Since its initial release last April, SenseTime's "SenseNova" large model system has rolled out five major iterations. Based on over 10TB of token training data and extensive synthetic data, the SenseNova 5.0 adopts a hybrid expert architecture, with an effective context window of up to 200K for inference. This update primarily enhances knowledge, mathematics, reasoning and coding capabilities.
SenseNova 5.0 demonstrates improvements in creative writing, reasoning, and summarization capabilities for the humanities. With Chinese knowledge injection, it provides better understanding, summarization, and question answering, offering assistance for verticals like education and content industries, according to the company.
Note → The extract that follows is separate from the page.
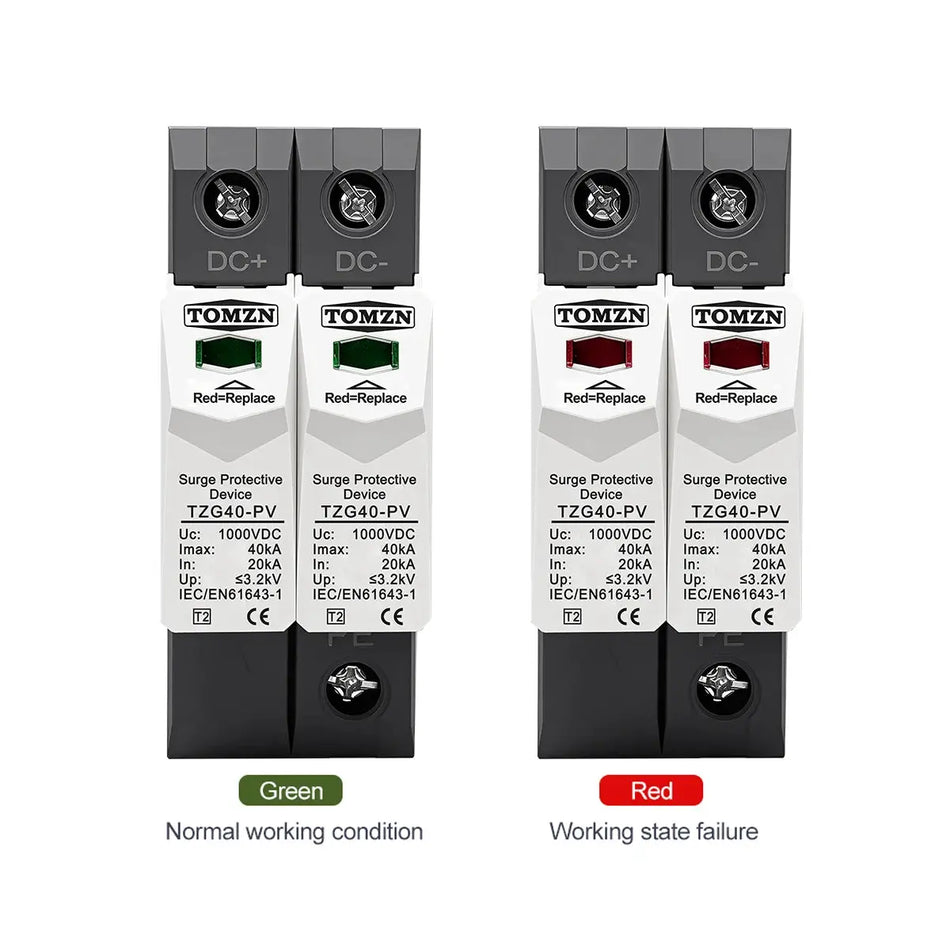 TOMZN DC SPD 2P 500V 600V 800V 1000V 20-40KA Din Rail Solar Outdoor Power Protection Protective Device Surge Protector Surge by InterCyprus Trading Ltd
Regarding science and technology, SenseNova 5.0 has attained greater quantitative reasoning, coding abilities, and logical reasoning performance, providing support services for finance, data analysis, and other domains.
A highlight is SenseNova 5.0's multimodal capabilities, as its multimodal large model ranked first based on the aggregate score on the authoritative multimodality benchmark MMBench, and achieved high scores in other multimodal rankings such as MathVista, AI2D and ChartQA.
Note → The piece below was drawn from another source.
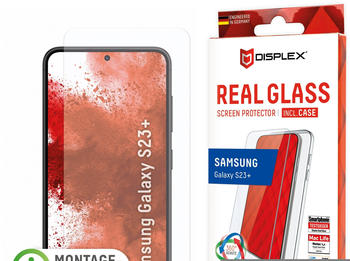 Displex Real Glass, 2D Panzerglas + Handyhülle (1 Stück, Galaxy S23+), Smartphone Schutzfolie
At the application level, SenseNova 5.0 supports high-resolution long-image parsing, understanding, interactive text-to-image generation, complex cross-document knowledge extraction, summarization, question-answering display, and rich multimodal interactions.
Noticing centralized computing demands extending to edge devices and enterprise AI needs, SenseTime introduced an edge-side full-stack large model product matrix. This includes the SenseTime Edge-side Large Model for terminal devices and the SenseTime Integrated Large Model (Enterprise) edge device.
The SenseNova Edge-side Large Language Model can achieve 18.3 words per second on midrange platforms, and 78.3 words per second on flagship platforms.
Tests also show that the inference speed of edge-side LDM-AI image diffusion technology takes less than 1.5 seconds on a mainstream platform, and supports the output of high-definition images with a resolution of 12 million pixels and above, as well as image editing functions such as proportional, free-form, and rotation image expansion.
The SenseTime Integrated Large Model (Enterprise) edge device is introduced for growing enterprise AI needs in finance, coding, healthcare, government, and more. The device performs accelerated searches at only 50 percent CPU utilization and can reduce inference costs by approximately 80 percent, according to data from SenseTime.
SenseTime has also been exploring the possibilities of large model applications and prospects across domains including office software, finance, and transportation with the leading companies in these industries, like Kingsoft Office, Haitong Securities and Xiaomi.
At the event's finale, three videos generated by the large model were presented, showcasing the company's achievements on the text-to-video platform and pointing to the wider potential of the large model.